Some key facts about lupus in men:

– An estimated 1 in 15,000 Caucasian men will develop lupus. The rate is higher in African American and Hispanic men.

– Men tend to develop lupus after age 50, while peak onset for women is 15-45.

– Men often have more severe lupus symptoms like kidney and brain involvement.

– The mortality rate of lupus is higher in men than women.

– Medications like corticosteroids that are used to treat lupus can have stronger side effects in men.

– Men with lupus have a higher rate of heart attacks and strokes.

– Rashes, arthritis, Raynaud’s phenomenon and sensitivity to sunlight also occur in men with lupus.

– Anti-male antibodies are found in some male lupus patients, showing the immune system is attacking the body’s own cells and tissues.

While women are more likely to get lupus, the disease should not be dismissed in men. Many men with lupus are misdiagnosed because doctors don’t consider the possibility of the disease. Increased awareness that lupus can affect both sexes is important for prompt diagnosis and treatment in men.

Is lupus fatal?

Advances in lupus treatment over the past several decades have greatly improved the outlook for people with lupus. In the 1950s, only about 50% of lupus patients survived four years after diagnosis. Today, over 90% of people with lupus survive at least 10 years, and many live relatively long lives with properly controlled symptoms.

However, lupus can sometimes be fatal. Complications like kidney failure, heart attacks, strokes, blood clots, sepsis and seizures increase the risk of death in some lupus patients.

The mortality rate of lupus varies depending on severity of symptoms. Approximately 5-30% of people with lupus die from complications of the disease. The risk of dying prematurely is 2 to 3 times higher for people with lupus than the general population.

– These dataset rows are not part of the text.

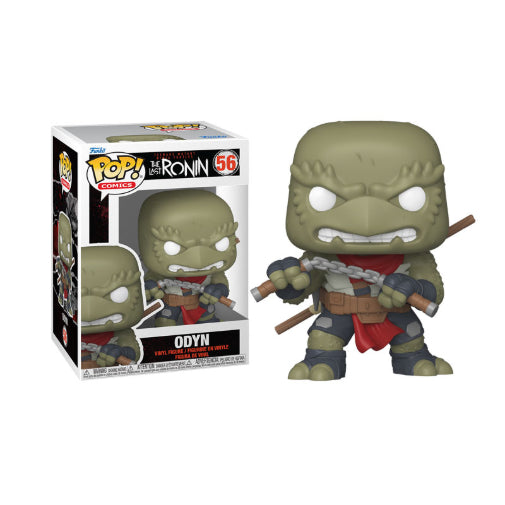 Funko POP Movies TMNT Ninja Turtles Last Ronin Odyn Vinyl Figure New
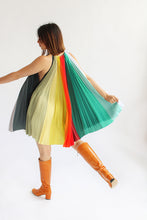 Load image into Gallery viewer, RENTAL - CHROMA MINI DRESS
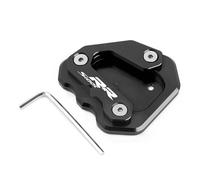 Béquille Latérale Moto Extension De Béquille Latérale En Aluminium CNC Moto Pour S 1000 RR S1000RR 2009-2014 2015 2016 2017 2018(ALL BLACK)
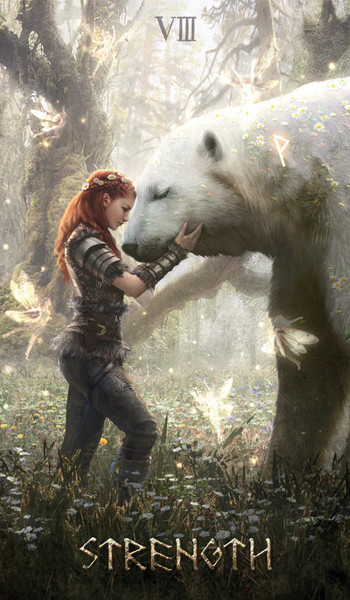 Изображение товара Гадальные карты Lo Scarabeo Runic Tarot Kit / KIT43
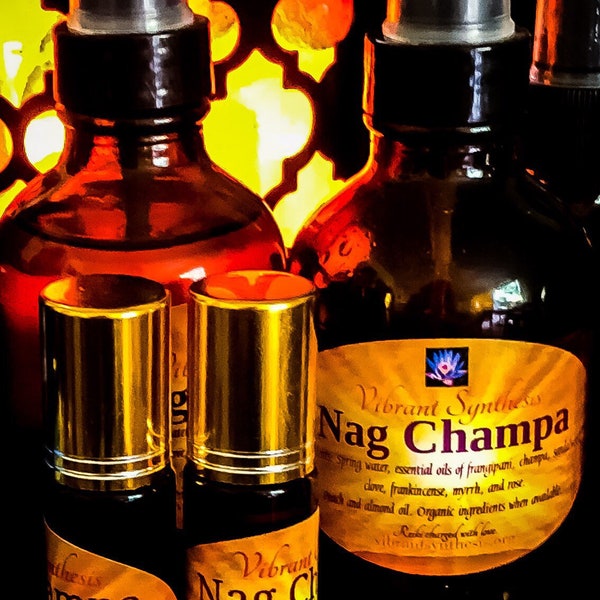 Nag Champa Oil Roll-On Essenz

Some factors associated with higher mortality rates include:

– Male sex
– African American race
– Later age at lupus diagnosis
– Kidney, brain or central nervous system involvement
– High rate of lupus flares
– Poor access to medical care

Early detection and attentive treatment of lupus decreases chances of organ damage and death. Close monitoring of medications, blood work, and any signs of complications are key to reducing mortality risk. With proactive management, most people with lupus can live a normal or nearly normal lifespan.


Lupus is a complex autoimmune condition with a variety of symptoms and health impacts. Inherited genes, hormones, and environmental triggers like infections and sunlight seem to interact to cause immune system dysfunction in lupus. The disease disproportionately affects women during their childbearing years, but can occur in people of any age or sex. Symptoms range from rashes and joint pain to potentially fatal kidney failure and strokes.

While lupus cannot yet be cured, medical science has made huge strides in treating and managing the disease. Avoiding known flare triggers and promptly treating complications are vital to reducing the chances of organ damage and death. With diligent monitoring and care, the majority of lupus patients today can live a normal lifespan despite the challenges of this unpredictable condition. Increased research funding and improved understanding of the fundamental causes of lupus offer hope for even more effective therapies and perhaps ultimately a cure.